Start of Input for this task
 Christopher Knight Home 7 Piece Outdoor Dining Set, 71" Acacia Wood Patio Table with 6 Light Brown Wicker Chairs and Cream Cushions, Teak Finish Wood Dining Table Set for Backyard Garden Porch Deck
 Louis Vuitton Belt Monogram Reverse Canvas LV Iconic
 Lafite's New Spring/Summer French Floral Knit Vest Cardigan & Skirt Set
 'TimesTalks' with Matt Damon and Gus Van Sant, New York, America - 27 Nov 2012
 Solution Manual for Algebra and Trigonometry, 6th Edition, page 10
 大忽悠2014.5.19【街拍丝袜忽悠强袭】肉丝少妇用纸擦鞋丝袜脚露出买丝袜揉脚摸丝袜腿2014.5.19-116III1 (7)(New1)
End of Input for this task
Start of Input for this task
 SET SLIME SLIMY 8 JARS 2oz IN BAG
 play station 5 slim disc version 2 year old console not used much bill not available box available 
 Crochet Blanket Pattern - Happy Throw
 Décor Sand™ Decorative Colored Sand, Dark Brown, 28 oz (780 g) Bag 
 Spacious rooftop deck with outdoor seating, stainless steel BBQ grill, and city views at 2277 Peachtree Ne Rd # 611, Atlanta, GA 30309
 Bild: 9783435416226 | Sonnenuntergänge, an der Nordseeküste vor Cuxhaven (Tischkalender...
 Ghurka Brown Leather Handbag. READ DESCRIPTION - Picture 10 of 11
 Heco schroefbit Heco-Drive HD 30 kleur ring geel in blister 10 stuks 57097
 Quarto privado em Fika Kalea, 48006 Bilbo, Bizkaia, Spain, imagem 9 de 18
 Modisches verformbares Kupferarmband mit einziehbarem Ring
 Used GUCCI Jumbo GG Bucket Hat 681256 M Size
End of Input for this task
Start of Input for this task
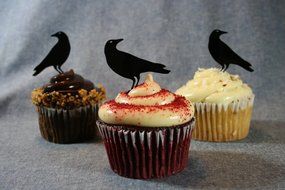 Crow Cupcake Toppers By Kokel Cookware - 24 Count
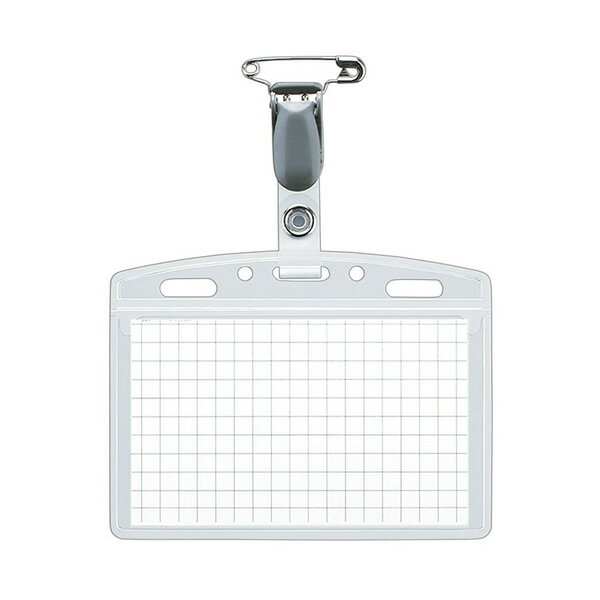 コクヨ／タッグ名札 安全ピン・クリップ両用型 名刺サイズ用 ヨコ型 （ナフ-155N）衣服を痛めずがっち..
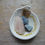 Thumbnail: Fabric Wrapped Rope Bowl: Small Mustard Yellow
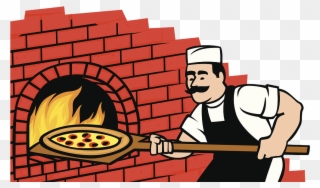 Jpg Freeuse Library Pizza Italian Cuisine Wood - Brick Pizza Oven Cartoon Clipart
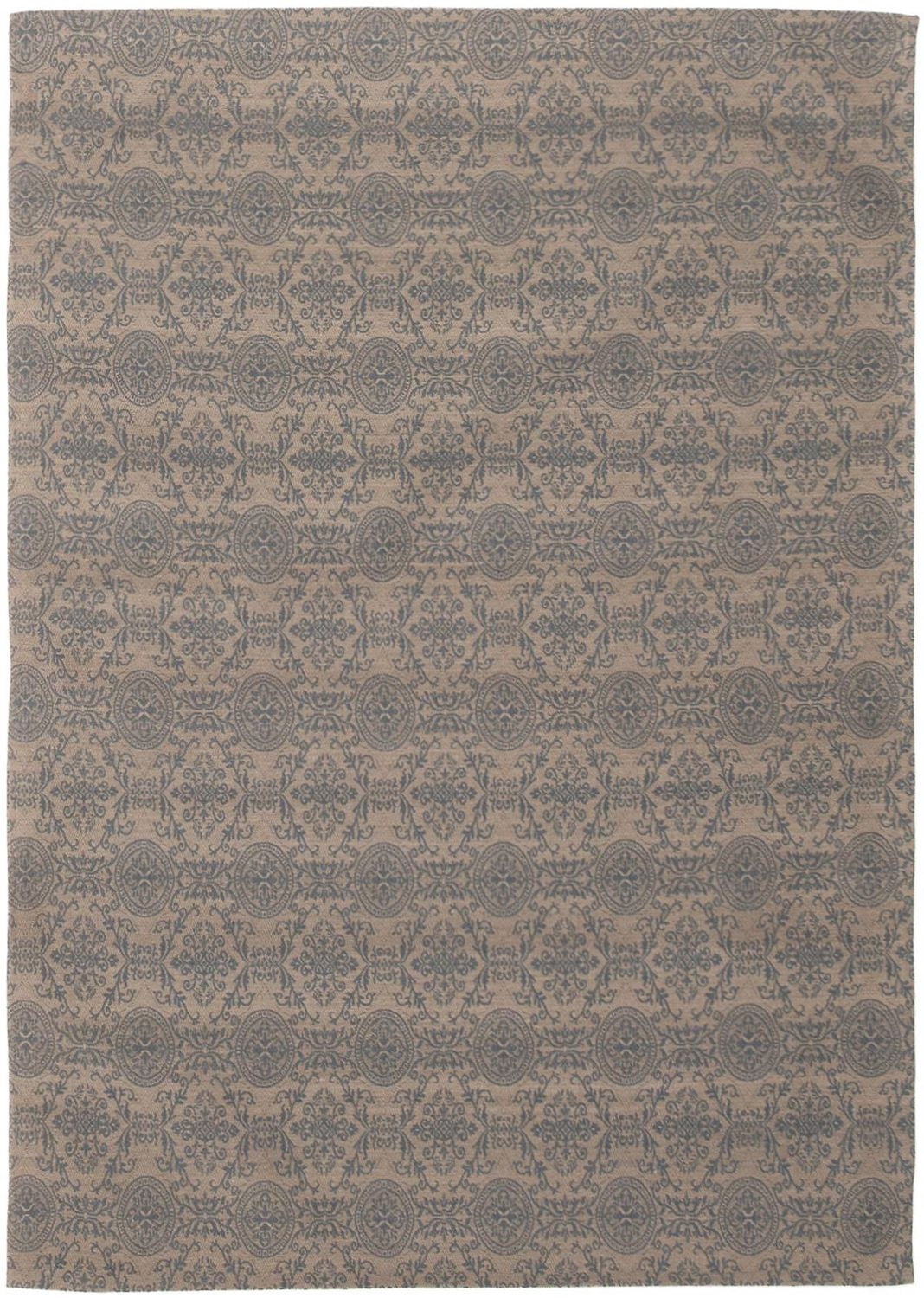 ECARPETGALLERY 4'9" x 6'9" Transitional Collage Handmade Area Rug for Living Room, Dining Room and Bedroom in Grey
End of Input for this task
### Exercise
Look through the entries above and find each line where the word "Brown" occurs; copy those lines.

### Solved problem
 Christopher Knight Home 7 Piece Outdoor Dining Set, 71" Acacia Wood Patio Table with 6 Light Brown Wicker Chairs and Cream Cushions, Teak Finish Wood Dining Table Set for Backyard Garden Porch Deck
 Décor Sand™ Decorative Colored Sand, Dark Brown, 28 oz (780 g) Bag 
 Ghurka Brown Leather Handbag. READ DESCRIPTION - Picture 10 of 11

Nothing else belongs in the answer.